* [Activity]: Every record must come back unchanged, apart from the pictures, which are dropped.

* [Data to use]:
◆ ◆ ◆ ◆ ◆ ◆ ◆

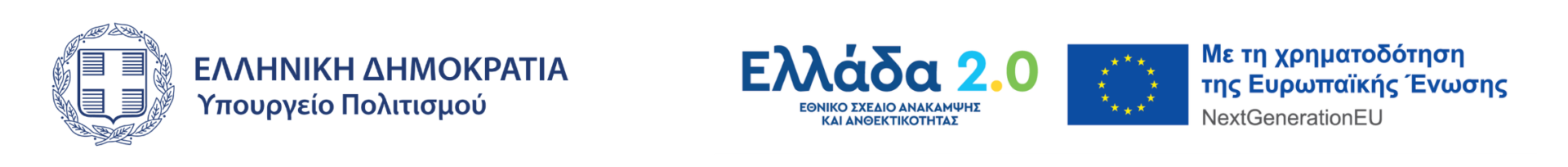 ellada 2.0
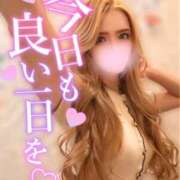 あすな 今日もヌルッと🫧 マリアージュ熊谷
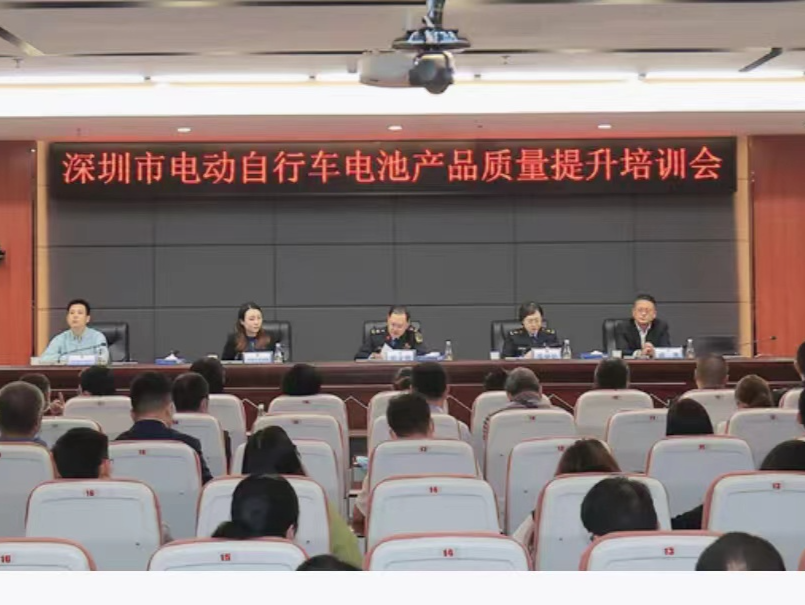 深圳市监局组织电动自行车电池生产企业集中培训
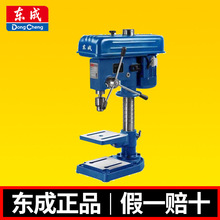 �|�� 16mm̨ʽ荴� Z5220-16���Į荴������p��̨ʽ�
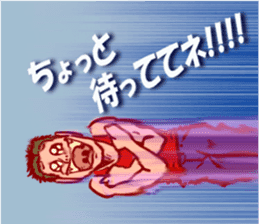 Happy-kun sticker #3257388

◆ ◆ ◆ ◆ ◆ ◆ ◆

* [Response box]:
 ellada 2.0
 あすな 今日もヌルッと🫧 マリアージュ熊谷
 深圳市监局组织电动自行车电池生产企业集中培训
 �|�� 16mm̨ʽ荴� Z5220-16���Į荴������p��̨ʽ�
 Happy-kun sticker #3257388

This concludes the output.